Option | Description |
|---|---|
Median score threshold >= [20] | Selected by default. Removes entire reads from the sample file when the median quality score is below the specified threshold. |
Max # of uncalled bases <= [3] | Selected by default. Remove entire reads from the sample file when the contains more N calls then specified. |
Called base number of each read >= [25] | Selected by default. Trims low quality bases from reads when a consecutive number of bases (“x”) falls below the specified qualify score threshold (“y”). Note: If Trimming is also selected, then the called base number that is used for this function is the number of bases that remain after trimming. |
Trim or reject read when >= [3] base(s) with score <= [16] | Selected by default. Trims low quality based from reds when a consecutive number of bases (“x”) falls below the specified quality score threshold (“y”). Note: For additional information about how this option works, see Trim or Reject Read While >= [x] Bases with Score <= [y]. |
Paired read data | Available only if paired read data is being analyzed. Select this option if you are converting a mate-paired or paired-end files. NextGENe uses a placeholder “N” for reads that are removed because of low quality, which is necessary to maintain mate-paired or paired-end read information. |
Remove 5’ [2] bases and 3’ [4] bases | Trims the specified number of bases from the 5’ and/0r 3’ ends. |
Keep only bases [0] to [0] | Trims the reads to keep the only the specified portion of the read. |
Trim by sequences | Select this option to trim reads where the specified sequence occurs. See Trim by Sequences. |
Trim by sequences in file | Select this option and then click the Browse button load a tab-delimited text file that contains the sequences by which the reads are to be trimmed. See Trim by Sequences in the File. |
Custom linker | Applicable only for mate-paired Roche data or mate-paired Ion Torrent data where both pairs are located in the same read. Select this option if you used a custom linker. NextGENe automatically detects the standard linker sequences. |
 | Even if you select the options by which to filter and trim low quality reads, at any time, you can click Default Settings to clear your options and replace them with the preset values from SoftGenetics. |
6. Optionally, before you process the files, click Save to save the settings that you have specified to a Settings file (.ini file).

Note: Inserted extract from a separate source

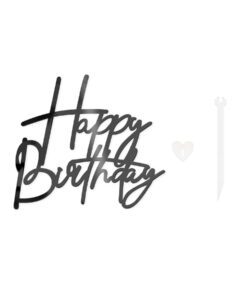 Taarttopper zijkant happy birthday zwart acryl – 12,5 cm bij cake, bake & love 11 Taarttopper zijkant happy birthday zwart acryl – 12,5 cm - afbeelding 3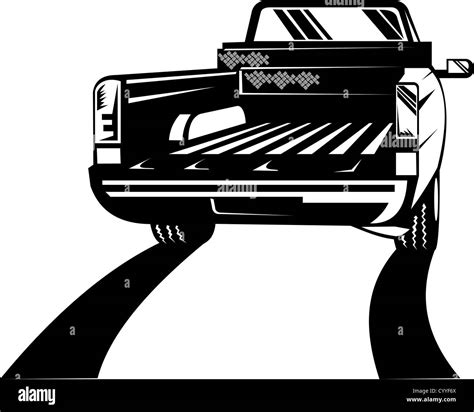 Illustration Of A Pick Up Truck Viewed From Rear Done In Retro Style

| | You can always load this file at a later date and process other data files according to the saved settings in the file. |
7. Do one of the following:
• Click Add Job to save this job, and open another tab for a file conversion. Repeat this step to add all needed conversion jobs, and then click OK to run the jobs in the order in which you created them. The converted files are saved in the directory that you specified in Step 4.
• Click OK to immediately run this job. The converted file is saved in the directory that you specified in Step 4.